[Start of Attachment]
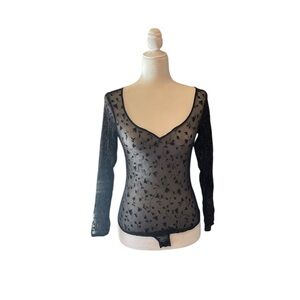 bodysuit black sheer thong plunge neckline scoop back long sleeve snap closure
[End of Attachment]
[Start of Attachment]
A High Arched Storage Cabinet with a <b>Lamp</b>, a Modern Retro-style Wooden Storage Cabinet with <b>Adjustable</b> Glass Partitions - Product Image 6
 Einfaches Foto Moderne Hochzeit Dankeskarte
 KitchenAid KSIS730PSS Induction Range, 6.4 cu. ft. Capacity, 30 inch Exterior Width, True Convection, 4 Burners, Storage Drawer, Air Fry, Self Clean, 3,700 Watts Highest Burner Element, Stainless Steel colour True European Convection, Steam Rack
[End of Attachment]
◆ **What the task asks**: Please copy the lines above from the line with "A High Arched" up to and including the line with "KitchenAid KSIS730PSS Induction", exactly as written and with nothing else.

◆ **Solution below**:
A High Arched Storage Cabinet with a <b>Lamp</b>, a Modern Retro-style Wooden Storage Cabinet with <b>Adjustable</b> Glass Partitions - Product Image 6
 Einfaches Foto Moderne Hochzeit Dankeskarte
 KitchenAid KSIS730PSS Induction Range, 6.4 cu. ft. Capacity, 30 inch Exterior Width, True Convection, 4 Burners, Storage Drawer, Air Fry, Self Clean, 3,700 Watts Highest Burner Element, Stainless Steel colour True European Convection, Steam Rack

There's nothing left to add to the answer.